Al secondo anno di direzione artistica di Eva Neklyaeva – nata a Minsk e formatasi ad Helsinki come curatrice e direttrice di istituzioni artistiche internazionali, tra cui Baltic Circle Festival – e Lisa Gilardino – manager internazionale di performing arts e curatrice – il Festival si conferma (e riafferma) come una piattaforma intercontinentale dedicata alla scoperta di artisti emergenti, alla ricerca contemporanea, al potere innovativo e rivoluzionario della creatività con oltre 150 appuntamenti, realizzati da 54 formazioni da tutto il mondo, con più di 200 artisti e quasi 250 tra adulti, adolescenti e bambini coinvolti nei progetti artistici partecipati.

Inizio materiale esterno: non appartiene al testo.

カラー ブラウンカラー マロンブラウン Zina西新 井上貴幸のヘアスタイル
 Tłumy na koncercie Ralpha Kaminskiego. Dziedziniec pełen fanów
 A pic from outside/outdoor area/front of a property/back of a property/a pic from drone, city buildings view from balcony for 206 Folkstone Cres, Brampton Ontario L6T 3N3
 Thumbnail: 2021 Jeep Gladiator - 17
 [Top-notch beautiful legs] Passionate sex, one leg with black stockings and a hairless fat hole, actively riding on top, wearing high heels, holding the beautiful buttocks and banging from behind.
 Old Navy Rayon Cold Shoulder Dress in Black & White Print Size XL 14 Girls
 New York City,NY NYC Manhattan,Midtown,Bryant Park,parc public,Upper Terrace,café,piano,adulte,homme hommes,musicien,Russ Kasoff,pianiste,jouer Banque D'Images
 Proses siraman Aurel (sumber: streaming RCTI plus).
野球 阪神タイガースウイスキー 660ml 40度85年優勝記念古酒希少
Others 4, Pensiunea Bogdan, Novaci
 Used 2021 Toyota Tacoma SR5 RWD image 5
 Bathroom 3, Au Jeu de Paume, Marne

In programma: Alessandro Sciarroni con Don’t be frightened of turning the page, Anna Rispoli, Lotte Lindner&Till Steinbrenner – Belgio con Your word in my mouth, Asia Giannelli con RH negativo, Buhlebezwe Siwani & Chuma Sopotela – Sudafrica con Those Ghels, Chiara Bersani con Gentle Unicorn (coproduzione), Cristina Kristal Rizzo con IKEA, Deflorian/Tagliarini con Scavi, Dewey Dell con I am within, Ingri Fiksdal – Norvegia con Night Tripper & Diorama, Ligia Lewis – Repubblica Domenicana/Germania con Minor Matter, Mallika Taneja – India con Be careful, Michelle Moura – Brasile/Germania con FOLE, Muna Mussie con Oasi(coproduzione insieme a Ipercorpo di Forlì), Nana Biluš Abaffy – Australia con One hundred and five: Society for the Creatively Maladjusted, Nicola Gunn – Australia con Piece for Person and Ghetto Blaster, Panagiota Kallimani – Grecia/Francia conArrêt sur image, Sissi con Unravelling Vein, Tamara Cubas – Uruguay con Multitud, Tania El Khoury – Libano/UK con As far as my fingertips take me.